There’s no way to lose the game, as you can always have the main character wake up. The gameplay consists of exploring the vast worlds and figuring out which items you’ve found help you progress.

This is another one that we’d recommend playing. Some will find Yume Nikki boring, but those who stick with it will have one of the most cerebral and confusing gaming experiences ever.

4) Goat Simulator

If you’ve ever wanted to know what it’s like to be a goat… Goat Simulator won’t help you one bit. Released for the PC in 2014, the game’s since found its way on practically every platform.

Goat Simulator is something between an action and a puzzle game. You control what’s supposedly a goat, but is really more of a primordial force of destruction.

The goal of the game is to earn points by roaming the levels and causing mayhem. You can headbutt people, chase them around, or use your several feet long, sticky tongue to drag things around.

It gets weirder, though. You might find a jet pack, gain Sonic the Hedgehog’s signature spinning move, or complete a satanic ritual to become the unholy goat Baphomet himself.

Yeah, that “simulator” in the name is a joke.

5) Mister Mosquito

Mister Mosquito was released in Japan for the PlayStation 2 in 2001. North American and European versions followed in 2002 and 2003, because someone thought it was a good idea to distribute this game worldwide.

You control the titular Mister Mosquito who goes around trying to suck the blood of the Yamada family and avoid getting smushed. Again, that doesn’t sound all too weird until you see how uncomfortably sexual it gets.

The player is only able to suck blood out of body parts with exposed skin. That might be realistic, but it also gives Mister Mosquito a really voyeuristic vibe as you zoom around the family members in various states of undress.

Go on. Try flying around the bathing Mrs.
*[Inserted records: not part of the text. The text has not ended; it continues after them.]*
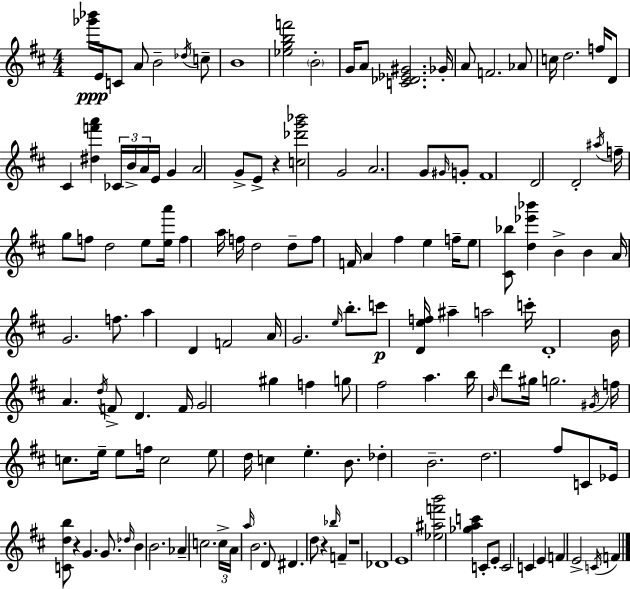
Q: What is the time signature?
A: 4/4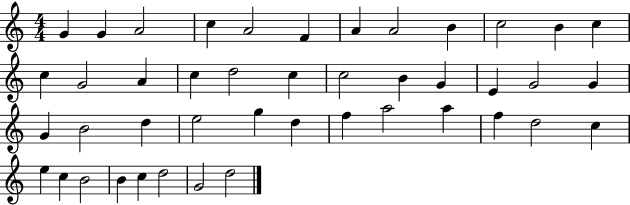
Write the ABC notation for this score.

X:1
T:Untitled
M:4/4
L:1/4
K:C
G G A2 c A2 F A A2 B c2 B c c G2 A c d2 c c2 B G E G2 G G B2 d e2 g d f a2 a f d2 c e c B2 B c d2 G2 d2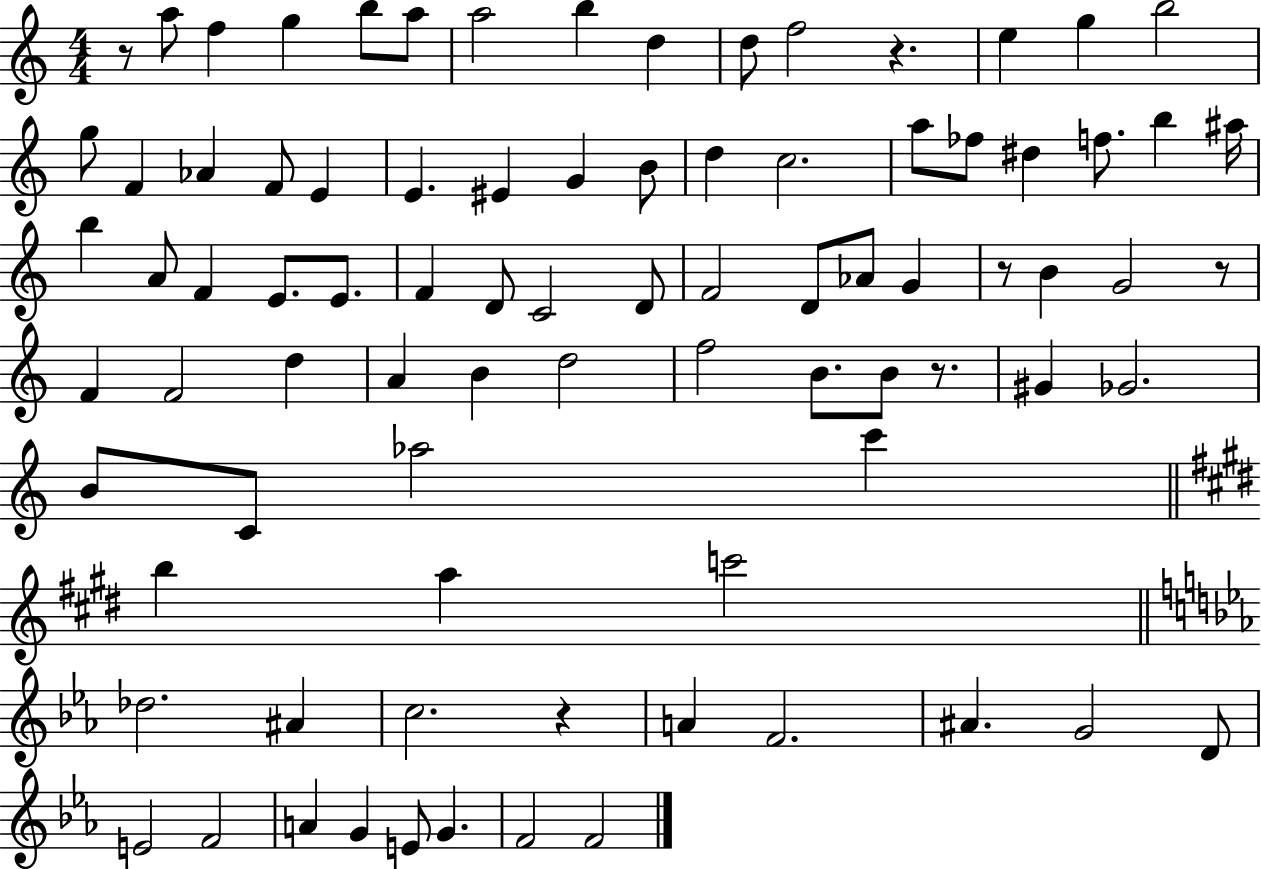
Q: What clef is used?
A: treble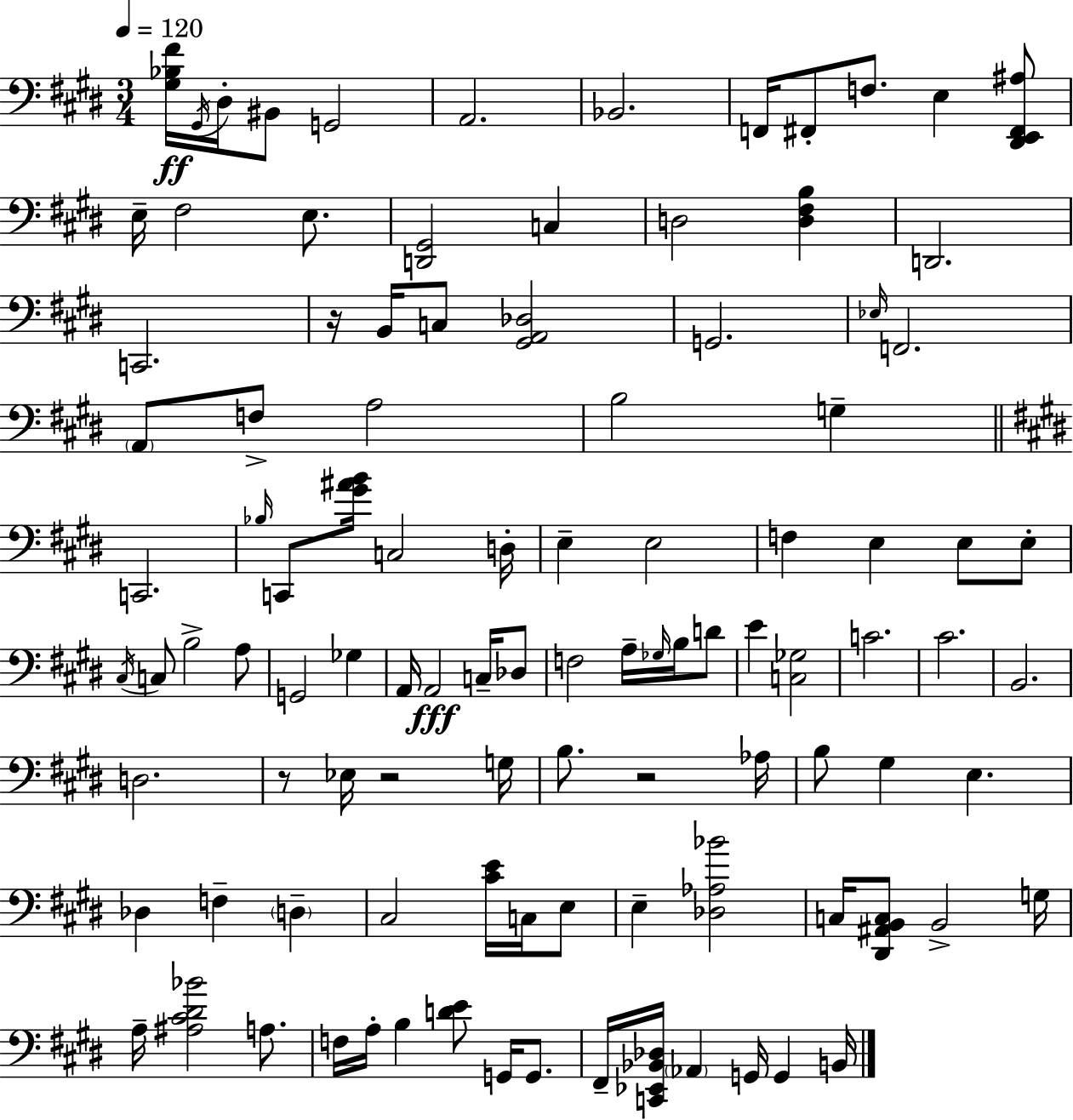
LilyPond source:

{
  \clef bass
  \numericTimeSignature
  \time 3/4
  \key e \major
  \tempo 4 = 120
  <gis bes fis'>16\ff \acciaccatura { gis,16 } dis16-. bis,8 g,2 | a,2. | bes,2. | f,16 fis,8-. f8. e4 <dis, e, fis, ais>8 | \break e16-- fis2 e8. | <d, gis,>2 c4 | d2 <d fis b>4 | d,2. | \break c,2. | r16 b,16 c8 <gis, a, des>2 | g,2. | \grace { ees16 } f,2. | \break \parenthesize a,8 f8-> a2 | b2 g4-- | \bar "||" \break \key e \major c,2. | \grace { bes16 } c,8 <gis' ais' b'>16 c2 | d16-. e4-- e2 | f4 e4 e8 e8-. | \break \acciaccatura { cis16 } c8 b2-> | a8 g,2 ges4 | a,16 a,2\fff c16-- | des8 f2 a16-- \grace { ges16 } | \break b16 d'8 e'4 <c ges>2 | c'2. | cis'2. | b,2. | \break d2. | r8 ees16 r2 | g16 b8. r2 | aes16 b8 gis4 e4. | \break des4 f4-- \parenthesize d4-- | cis2 <cis' e'>16 | c16 e8 e4-- <des aes bes'>2 | c16 <dis, ais, b, c>8 b,2-> | \break g16 a16-- <ais cis' dis' bes'>2 | a8. f16 a16-. b4 <d' e'>8 g,16 | g,8. fis,16-- <c, ees, bes, des>16 \parenthesize aes,4 g,16 g,4 | b,16 \bar "|."
}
Yamada for a few minutes trying to find the perfect landing spot and tell us you don’t feel like a total creep.

6) Getting Over It with Bennett Foddy

Getting Over It (with Bennett Foddy) saw daylight in 2017 on the PC and iOS. The game soon developed something of a cult following, thanks to its surreal nature and insane difficulty.

In Getting Over It, you control a naked, bald man, whose lower body is stuck in a water-filled cauldron. Your goal is to climb top the top of an immense mountain consisting of rocks, construction equipment, a playground, a snake, and other random objects.

The only tool to help you on your quest is a sledgehammer, whose head inexplicably sticks to the terrain. Beating the game requires mastering its physics and the utterly sadistic environment design.

You get to do that while the game’s creator talks to you about philosophy and the importance of not giving up. Oh yeah, and there are no checkpoints.

If you fall, you start over from where you landed. Even if that’s at the very beginning of the game.